The village of Shotley Gate is situated to the south-east of Ipswich, a distance of some ten miles from the town centre. At this time of year, the sun was due to set shortly after 6pm, so being somewhat unfamiliar with my destination, I made the decision to drive there directly from work, with the aim of arriving while daylight still remained.
The journey from the outskirts of Ipswich, following the B1456 to Shotley, was quick and without incident, and I arrived in the village at 5:15pm. My intention was to familiarise myself with the HMS Ganges site as much as possible before the stated 7pm rendezvous time. I had little idea what Marlin may have had planned, and I felt it prudent to be as prepared as my limited timeframe allowed. It is worth noting that this may have been the very reason for Marlin's lack of notice: an attempt to deny me time to research my destination, and a secure method of ensuring that he retained the upper hand in any meeting. Such circumstances should, perhaps, have set alarm bells ringing with sufficient volume to bring about a change of heart and a refusal to accede to Marlin's instructions, but such conclusions are of course easy to reach with the benefit of hindsight.
I drove to the end of the main road and parked my car outside The Bristol Arms pub, close to Shotley Pier, before making my way on foot back up Bristol Hill to Caledonia Road and the main gates of HMS Ganges. The gates, not surprisingly, were securely locked, and there appeared no indication of anything - or anyone - out of place. Shotley Gate Village Store is situated on the corner here, and a few individuals were departing the premises as the shop closed for the day. None paid me undue attention. I had become conditioned to be on the lookout for Marlin memorials, and it seemed entirely plausible that the man had lured me here merely to reveal another. A brief examination of the scene however, suggested this not to be the case.
I continued on up the main road, following the Ganges perimeter fence, though forced onto the opposite side of the road by the absence of any pavement. A short distance further up, the fence turns right and a public footpath follows it east towards the River Orwell. I left the main road and proceeded along this path. The fence here is perhaps six feet high, yet effectively raised a further two feet by its banked position. Spikes lining the upper edge provide an added deterrent for any intruder. A few noticeable attempts have been made to breach this barrier: damage is visible at irregular intervals along this northern side, yet the site is clearly maintained to a significant level, and broken railings have been consistently repaired.

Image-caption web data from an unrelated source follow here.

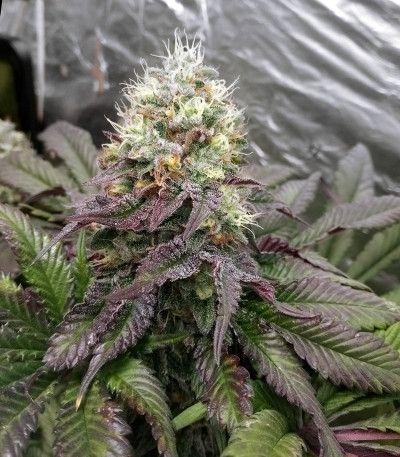 Сорт Runtz Muffin fem (Barney's Farm) Сорт Runtz Muffin fem (Barney's Farm) — изображение 4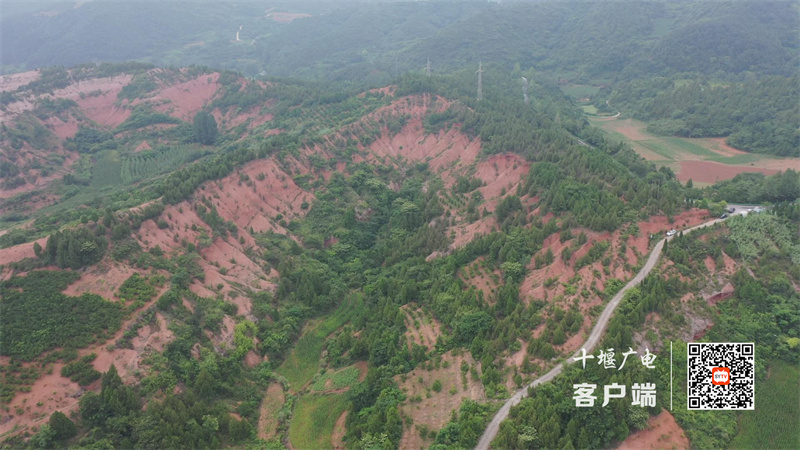 微信图片_20250623101013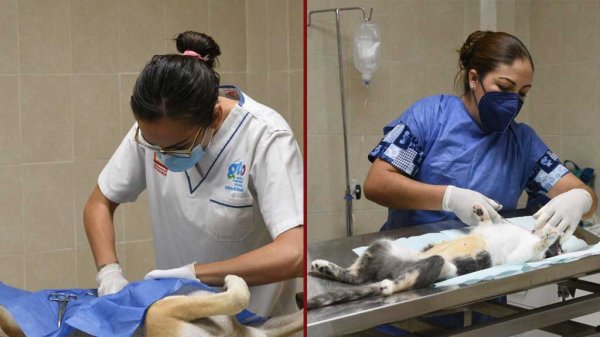 Arranca la tercera campaña de esterilización para perritos y gatitos en Irapuato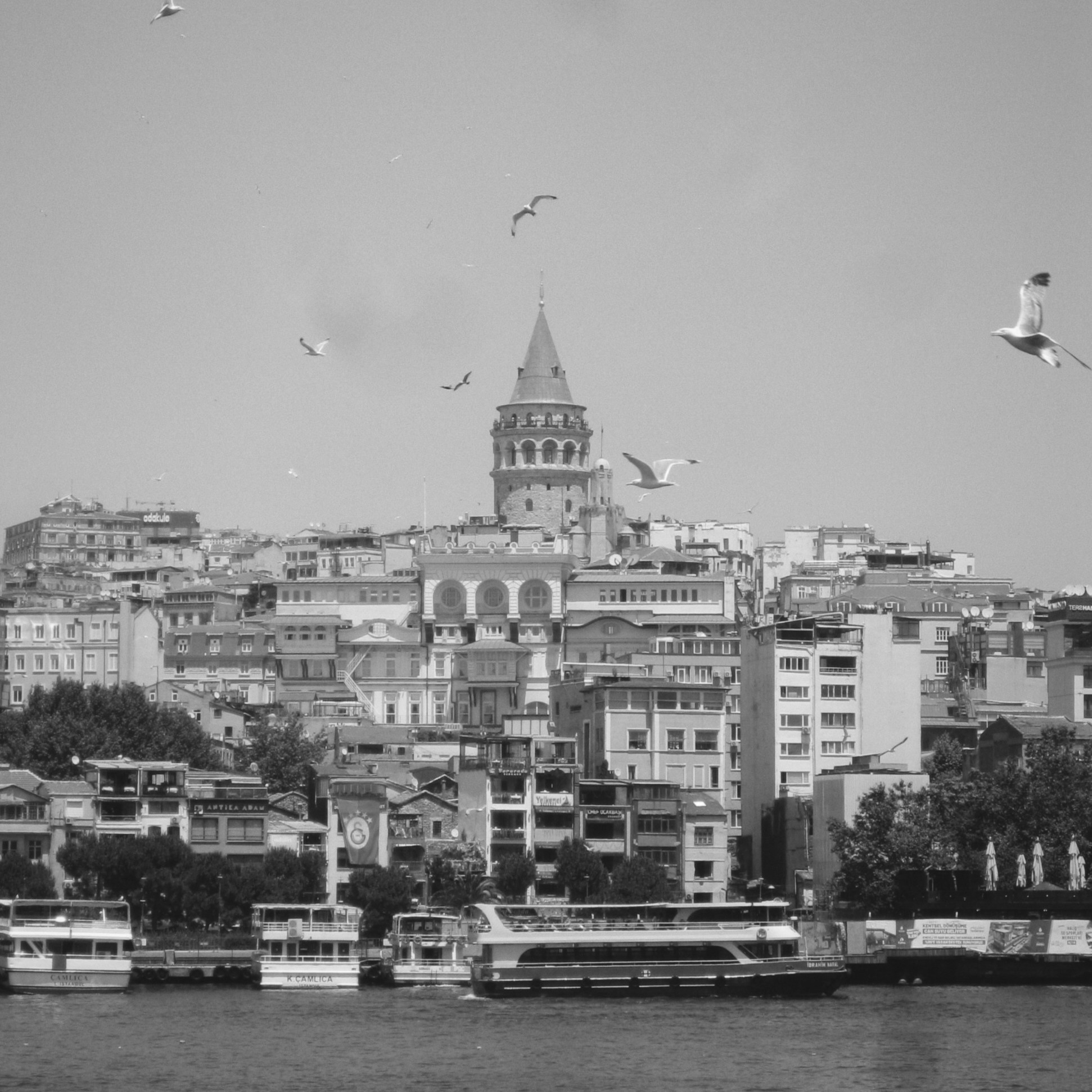 Услуги. Фотограф | Москва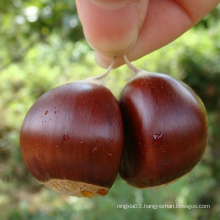 best Chinese New Crop fresh organic chestnut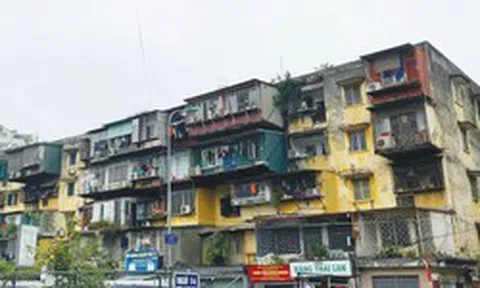 TP. Hồ Chí Minh yêu cầu đẩy nhanh công tác kiểm định, xây dựng lại chung cư cũ
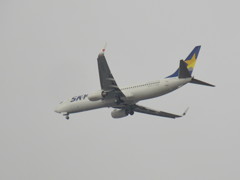 SKYMARK　JA737T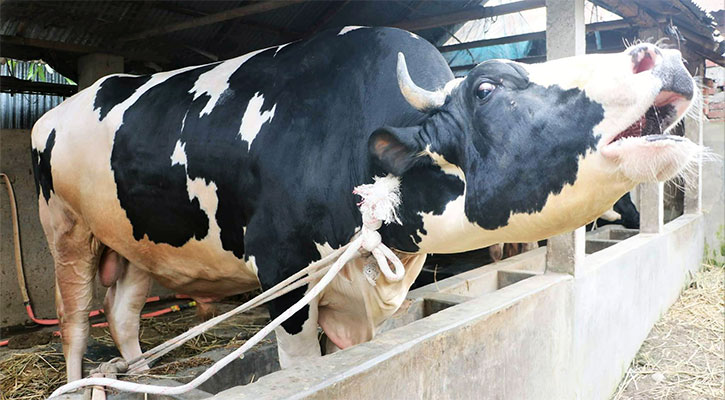 পীরগঞ্জের বারাকাতের দাম ১৫ লাখ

Further down, the footpath divides, one route (which I believe to be the official right of way) continuing close to the HMS Ganges fence. This path proved, however, to be prohibitively overgrown with brambles, and consequently a second, more travelled path had been beaten to the left, forking around the undergrowth and continuing parallel to the original, alongside the neighbouring field. I elected to take this second option, and continued eastwards for approximately 100 yards, whereupon the two paths converged once more, close to a small brick building. From here I tracked the fence to its north-eastern corner, before being forced to leave it and make my way down into Shotley Marina.
The view from here is dominated by the water tower above, yet little can be seen of the Ganges buildings nearby. I continued on through the marina, walking to the rear of The Shipwreck bar, and passing a flight of steps opposite the chandlery, which scale the hillside to a locked gate in the Ganges fence, close to the south-eastern corner of the site. Around this corner lie the gates of the rear road entrance. The rusted chains securing this gate indicated that they had not been breached for some considerable time.
Rounding Shotley Point, I made my way along the sea wall with the fence of HMS Ganges high above me, and arrived back at my car as the last of the remaining light faded. It was 6:15pm. With a little time to spare, I chose to step into The Bristol Arms.